CONDAMNE l’intimée au paiement des débours conformément aux dispositions de l’article 151 du Code des professions (RLRQ, c. 26);

 

 

ACCORDE à l’intimée un délai de trente-six (36) mois pour effectuer le paiement de l’amende au moyen de trente-six (36) versements mensuels, égaux et consécutifs, le montant total encore dû devenant exigible à défaut par l’intimée de payer chacune des mensualités à la date prévue.

 

 

 

 

(S) Claude Mageau

                                                                            

Me CLAUDE MAGEAU

Président du comité de discipline

 

 

 

(S) John Ruggieri

                                                                            

M. JOHN RUGGIERI, A.V.A., Pl. Fin.

Membre du comité de discipline

 

 

 

(S) Felice Torre

                                                                            

M. FELICE TORRE, A.V.A., Pl. Fin.

Membre du comité de discipline

 

Me Vincent Grenier-Fontaine

CDNP AVOCATS INC.

Procureurs de la partie plaignante

 

L’intimée se représente elle-même.

 

Date d’audience :

15 août 2017

COPIE CONFORME À L’ORIGINAL SIGNÉ



[1] Pièces P-5 et P-12.

[2] Chambre de la sécurité financière c. Mongrain, 2016 CanLII 30448 (QC CDCSF); Chambre de la sécurité financière c. Dubois, 2013 CanLII 66170 (QC CDCSF); Chambre de la sécurité financière c. Hannoush, 2016 CanLII 24456 (QC CDCSF); Chambre de la sécurité financière c. Breault, 2015 QCCDCSF 20; Chambre de la sécurité financière c.
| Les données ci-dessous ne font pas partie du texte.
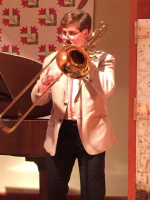 Teacher Michael Bourne playing a trombone.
Thibeault, 2014 CanLII 39919 (QC CDCSF); Chambre de la sécurité financière c. Bellerose, 2012 CanLII 97156 (QC CDCSF); Chambre de la sécurité financière c. Plamondon, 2010 CanLII 99830 (QC CDCSF); Chambre de la sécurité financière c. Di Salvo, 2013 CanLII 77930 (QC CDCSF).

[3] R. c. Anthony-Cook, 2016 CSC 43.